Input: Linked List: 1->2->1->2->1->3->1, key = 1

Output: 4
Explanation: 1 appears 4 times. 

Input: Linked List: 1->2->1->2->1, key = 3

Output: 0
Explanation: 3 appears 0 times.

Expected Time Complexity: O(n)
Expected Auxiliary Space: O(1)

Constraints:
1 ≤ number of nodes, key ≤ 10⁵
1 ≤ data of node ≤ 10⁵

Approach 01:

class Solution {
  public:
    int count(struct Node* head, int targetValue) {
        unordered_map<int, int> frequencyMap;

        while (head != nullptr) {
            ++frequencyMap[head->data];
            head = head->next;
        }

        if (frequencyMap[targetValue] != 0) {
            return frequencyMap[targetValue];
        }

        return 0;
    }
};

class Solution:
    def count(self, head, targetValue):
        frequencyMap = {}
        
        while(head != None):
            if head.data in frequencyMap:
                frequencyMap[head.data] += 1
            else:
                frequencyMap[head.data] = 1
            head = head.next
            
        return frequencyMap[targetValue] if frequencyMap.get(targetValue) != None else 0
            

Time Complexity

• Traversing the Linked List:

  The function traverses the entire linked list once, visiting each node exactly once. If there are n nodes in the list, this traversal takes \(O(n)\) time.

• Updating Frequency Map:

  For each node, it increments the count in the unordered map, which is an average \(O(1)\) operation. This happens \(n\) times during the traversal, so the time complexity for updating the map is \(O(n)\).

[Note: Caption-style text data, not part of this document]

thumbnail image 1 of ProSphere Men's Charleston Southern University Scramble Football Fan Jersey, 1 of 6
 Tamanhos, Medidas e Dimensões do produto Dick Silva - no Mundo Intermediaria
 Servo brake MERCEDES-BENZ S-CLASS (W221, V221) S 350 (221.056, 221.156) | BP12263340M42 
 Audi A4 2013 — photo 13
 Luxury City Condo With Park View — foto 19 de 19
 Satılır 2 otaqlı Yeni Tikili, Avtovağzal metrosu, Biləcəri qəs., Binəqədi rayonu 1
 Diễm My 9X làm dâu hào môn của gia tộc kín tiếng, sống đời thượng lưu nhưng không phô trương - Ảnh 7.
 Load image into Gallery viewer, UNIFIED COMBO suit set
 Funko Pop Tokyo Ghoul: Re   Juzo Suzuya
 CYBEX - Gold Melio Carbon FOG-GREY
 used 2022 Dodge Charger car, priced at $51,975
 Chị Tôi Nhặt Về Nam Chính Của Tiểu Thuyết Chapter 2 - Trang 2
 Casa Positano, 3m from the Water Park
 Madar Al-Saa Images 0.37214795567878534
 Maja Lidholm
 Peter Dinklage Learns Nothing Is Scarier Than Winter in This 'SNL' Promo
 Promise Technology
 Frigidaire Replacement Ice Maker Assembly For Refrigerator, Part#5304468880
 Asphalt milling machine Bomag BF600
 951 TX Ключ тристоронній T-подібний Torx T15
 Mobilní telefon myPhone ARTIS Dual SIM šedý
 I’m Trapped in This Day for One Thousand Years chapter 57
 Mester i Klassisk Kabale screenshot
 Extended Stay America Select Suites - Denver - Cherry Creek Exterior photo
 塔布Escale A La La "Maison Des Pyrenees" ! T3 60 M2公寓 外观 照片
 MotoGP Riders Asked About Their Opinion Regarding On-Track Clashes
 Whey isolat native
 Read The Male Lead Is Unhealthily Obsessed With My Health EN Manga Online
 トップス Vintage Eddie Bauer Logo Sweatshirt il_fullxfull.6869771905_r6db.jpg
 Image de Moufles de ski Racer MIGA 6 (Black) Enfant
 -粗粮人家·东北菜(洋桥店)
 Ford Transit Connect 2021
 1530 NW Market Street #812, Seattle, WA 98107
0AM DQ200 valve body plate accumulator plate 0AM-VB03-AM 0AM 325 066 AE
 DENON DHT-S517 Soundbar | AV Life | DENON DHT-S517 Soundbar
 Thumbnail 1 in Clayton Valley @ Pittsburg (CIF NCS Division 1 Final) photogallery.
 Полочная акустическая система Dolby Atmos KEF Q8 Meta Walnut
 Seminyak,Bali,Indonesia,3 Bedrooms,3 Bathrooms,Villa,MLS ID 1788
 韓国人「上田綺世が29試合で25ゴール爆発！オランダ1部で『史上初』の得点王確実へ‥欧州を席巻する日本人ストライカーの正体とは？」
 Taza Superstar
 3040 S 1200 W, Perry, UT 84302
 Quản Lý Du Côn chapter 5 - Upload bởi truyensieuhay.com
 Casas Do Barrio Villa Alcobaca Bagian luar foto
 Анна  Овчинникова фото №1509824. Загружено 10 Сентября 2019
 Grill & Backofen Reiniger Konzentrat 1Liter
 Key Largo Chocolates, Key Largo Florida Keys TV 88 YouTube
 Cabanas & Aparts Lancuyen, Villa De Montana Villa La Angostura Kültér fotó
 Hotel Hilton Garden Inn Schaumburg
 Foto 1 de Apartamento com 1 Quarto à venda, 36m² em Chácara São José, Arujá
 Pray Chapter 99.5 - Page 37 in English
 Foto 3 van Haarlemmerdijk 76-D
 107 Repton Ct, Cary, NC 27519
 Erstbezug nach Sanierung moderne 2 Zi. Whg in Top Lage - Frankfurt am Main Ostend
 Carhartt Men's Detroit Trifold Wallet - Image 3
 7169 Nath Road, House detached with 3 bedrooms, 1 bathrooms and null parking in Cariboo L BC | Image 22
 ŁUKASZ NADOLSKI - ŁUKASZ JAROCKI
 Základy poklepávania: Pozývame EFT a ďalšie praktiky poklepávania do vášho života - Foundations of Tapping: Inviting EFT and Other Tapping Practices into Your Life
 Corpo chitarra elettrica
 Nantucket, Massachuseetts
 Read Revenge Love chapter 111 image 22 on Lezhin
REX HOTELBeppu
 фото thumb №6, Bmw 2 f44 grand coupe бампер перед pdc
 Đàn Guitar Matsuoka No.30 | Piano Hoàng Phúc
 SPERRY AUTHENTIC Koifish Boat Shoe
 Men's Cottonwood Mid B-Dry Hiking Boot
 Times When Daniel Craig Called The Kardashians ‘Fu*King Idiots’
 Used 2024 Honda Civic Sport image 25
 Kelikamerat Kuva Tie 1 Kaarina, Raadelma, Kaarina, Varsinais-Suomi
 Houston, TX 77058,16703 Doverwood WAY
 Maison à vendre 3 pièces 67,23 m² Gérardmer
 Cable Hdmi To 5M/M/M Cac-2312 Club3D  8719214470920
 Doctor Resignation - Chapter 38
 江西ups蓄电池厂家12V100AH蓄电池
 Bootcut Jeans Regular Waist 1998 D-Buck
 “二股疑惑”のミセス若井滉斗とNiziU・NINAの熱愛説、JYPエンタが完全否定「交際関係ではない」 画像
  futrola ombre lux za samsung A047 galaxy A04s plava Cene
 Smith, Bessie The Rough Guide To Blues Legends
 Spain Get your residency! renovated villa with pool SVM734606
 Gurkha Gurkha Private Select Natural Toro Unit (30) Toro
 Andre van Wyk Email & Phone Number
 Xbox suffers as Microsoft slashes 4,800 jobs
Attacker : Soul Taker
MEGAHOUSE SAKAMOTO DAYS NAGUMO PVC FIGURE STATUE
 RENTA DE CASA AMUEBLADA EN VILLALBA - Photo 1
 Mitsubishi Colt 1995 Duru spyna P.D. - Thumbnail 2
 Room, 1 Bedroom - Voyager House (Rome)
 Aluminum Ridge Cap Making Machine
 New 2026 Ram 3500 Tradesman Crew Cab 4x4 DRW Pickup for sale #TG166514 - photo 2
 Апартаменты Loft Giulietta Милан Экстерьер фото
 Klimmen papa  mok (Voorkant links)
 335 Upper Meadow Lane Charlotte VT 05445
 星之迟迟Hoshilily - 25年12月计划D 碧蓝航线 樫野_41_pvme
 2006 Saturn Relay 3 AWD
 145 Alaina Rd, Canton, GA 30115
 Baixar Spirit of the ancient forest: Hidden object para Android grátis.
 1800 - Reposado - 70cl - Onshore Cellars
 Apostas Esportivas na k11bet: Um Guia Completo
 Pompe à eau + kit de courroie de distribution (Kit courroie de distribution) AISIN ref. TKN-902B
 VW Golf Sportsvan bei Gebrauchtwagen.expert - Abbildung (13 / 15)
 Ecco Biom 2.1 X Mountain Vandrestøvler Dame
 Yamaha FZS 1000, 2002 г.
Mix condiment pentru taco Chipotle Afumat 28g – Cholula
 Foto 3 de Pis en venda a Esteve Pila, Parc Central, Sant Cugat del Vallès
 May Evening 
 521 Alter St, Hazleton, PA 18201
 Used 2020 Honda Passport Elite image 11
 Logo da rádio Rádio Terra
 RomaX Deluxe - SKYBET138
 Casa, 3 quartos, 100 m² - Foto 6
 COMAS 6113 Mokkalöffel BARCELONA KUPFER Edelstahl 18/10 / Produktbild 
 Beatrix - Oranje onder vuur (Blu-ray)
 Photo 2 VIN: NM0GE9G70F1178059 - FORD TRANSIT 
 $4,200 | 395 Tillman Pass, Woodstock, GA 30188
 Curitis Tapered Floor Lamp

• Overall Time Complexity:

  The total time complexity is \(O(n)\), where n is the number of nodes in the linked list.

Space Complexity

• Frequency Map:

  The unordered map stores the frequency of each unique value in the linked list. In the worst case, there are \(n\) unique values in the list, so the space required by the map is \(O(n)\).

• Other Variables:

  There are only a few other variables (like head, targetValue, and the loop control variables), all of which take constant space \(O(1)\).

• Overall Space Complexity:

  The total space complexity is \(O(n)\), where n is the number of nodes in the linked list, because of the space used by the frequency map.